Note: On Tuesdays and some Sundays, you can find me at Your Daily Tripod, owned by my friend TonyD. A longer version of the post below appears there.

A friend recently found her nonprofit organization under attack… because a prospective client for another of her endeavors noticed she had a pro-life license plate.

Another friend finds herself called a hypocrite in some public quarters because those who oppose her judge that some of her professional actions are at odds with her faith.

I posted on social media a photo with what I thought was an innocuous quote from Elizabeth Ann Seton about keeping our eyes up to spare the pain of retrospection and anticipation and got a snarky comment about the pain of looking back at abuse by clergy.

And I wonder just how many hardships it’s necessary for us to undergo to enter the Kingdom of God.

I know that gossip and judgey-ness don’t result in the physical pain that the martyrs suffered (and that Christian martyrs around the world continue to suffer today). I recently visited the Holy Martyrs of Vietnam Church not far from my home, named for the more than 130,000 Vietnamese martyrs died between 1625 and 1886. Some of the executions were relatively quick—beheadings, for example, and being burned alive.

The execution style I keep returning to is called slicing. It’s also known by the vivid term death by a thousand cuts. Body parts would be sliced away over a period of time. Sometimes, it took three days and 3,600 cuts for the person to die. It was horrific for the martyr. It was also horrific for those who loved them and knew them and worked in ministry with them. It sent a very clear message: Shut up, or risk meeting the same fate.

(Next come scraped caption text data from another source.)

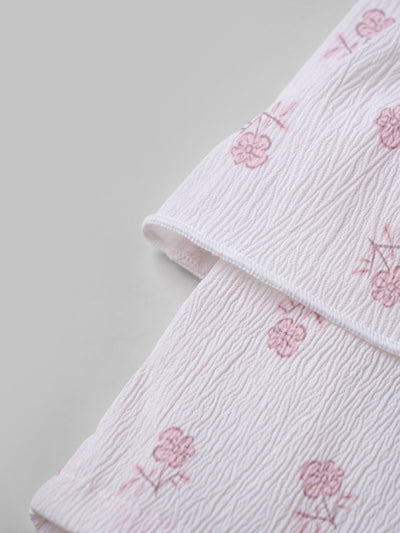 Popees Comfy & Stylish Floral Co-ord Set(0-9 Months)for Baby Girls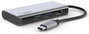 Belkin AVC006btSGY Adaptador Multiport USB-C 4 en 1 con HDMI 4K y Carga 100W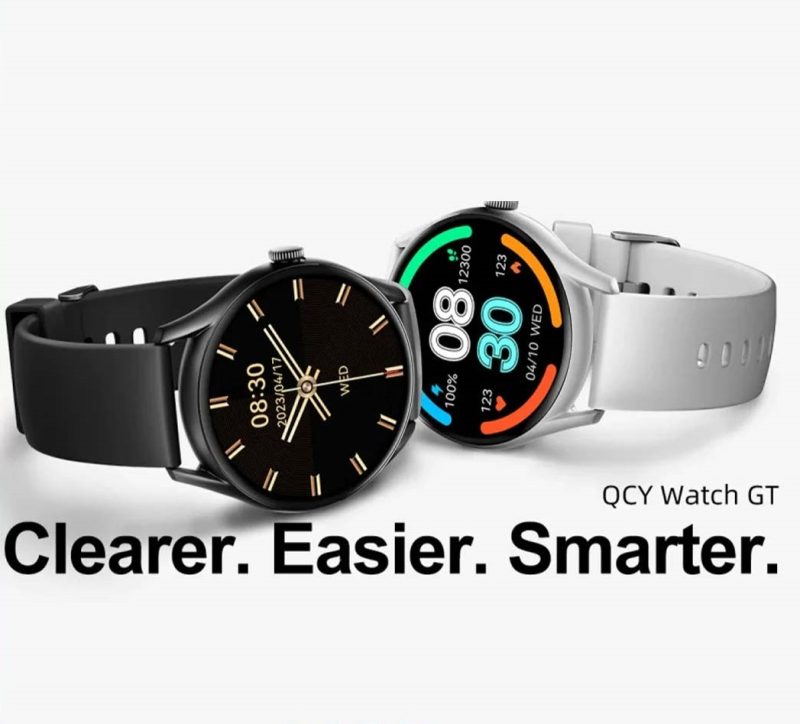 ساعت هوشمند کیو سی وای مدل QCY GT Watch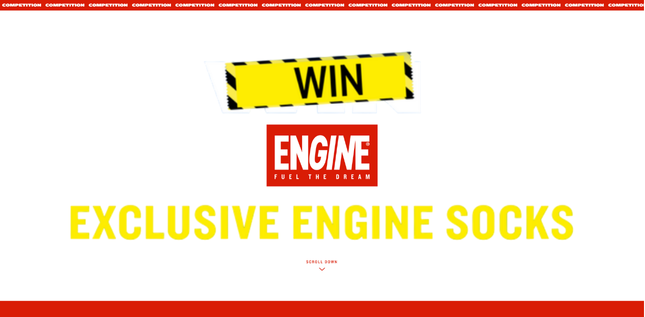 Win Exclusive Engine Gin Socks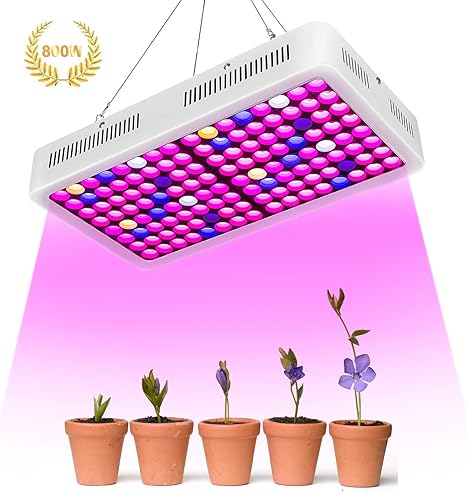 Roleadro Rd 1000w Led Pflanzenlampe Led Grow Lampe Full Spectrum Pflanzenlicht Wachsen Licht Wachstumslampe Pflanzenlicht Fur Zimmerpflanzen Gemuse Blumen Amazon De Garten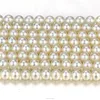 Fresh water pearl jewelry high quality AAA 5mm round pearl string beads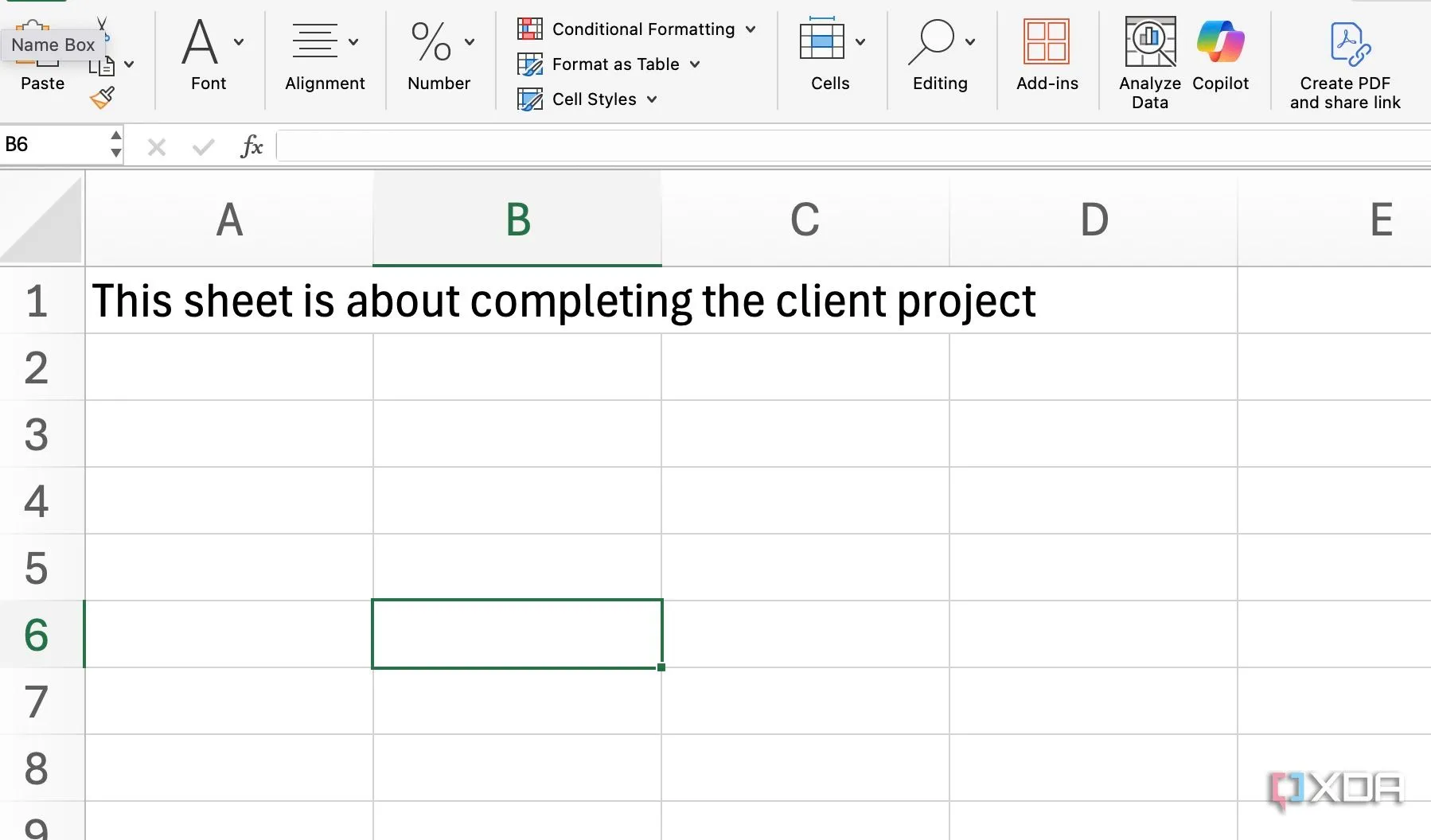 Chia sẻ bảng tính Excel để cộng tác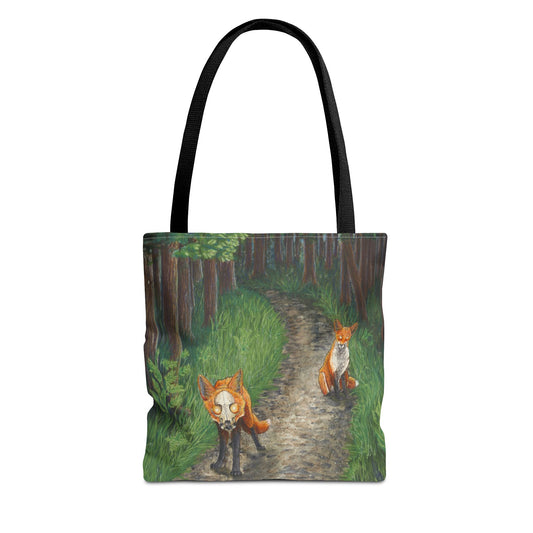 "Mischief" Tote Bag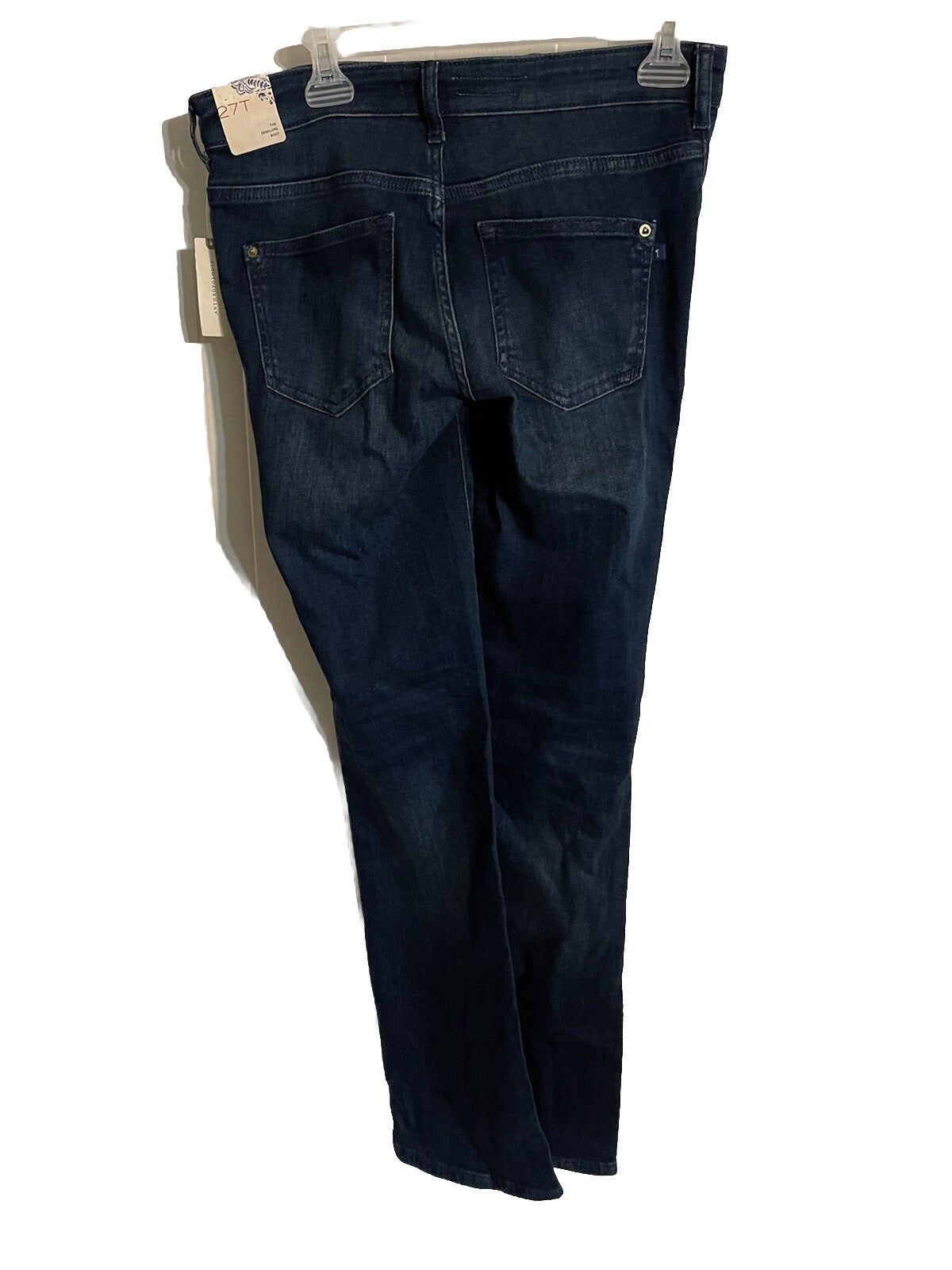 NWT Pilcro The Demilune Boot Jeans 27T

And don’t public damning and ridicule attempt to accomplish the same thing today? Why should it matter what my friend’s license plate reads? Why do people who know nothing about Catholicism beyond what they read or hear in the news feel qualified to opine that someone’s actions aren’t in concert with Church teachings? Why does a simple quote from a woman who died nearly 200 years ago get tied to sexual abuse?

You know why: because this is how evil works, by a thousand cuts. Sometimes they’re physical, sometimes mental, sometimes emotional, sometimes spiritual. They sting and sting and sting. They’re designed to make us scared and reticent. They’re designed to show others just how ugly things can be for them if they talk the Jesus talk and walk the Jesus walk.

How many hardships are necessary for us to undergo to enter the Kingdom of God? A good many, it seems. May we, like those in the early Church, persevere, holding fast to His love, His promise of eternal life, and each other.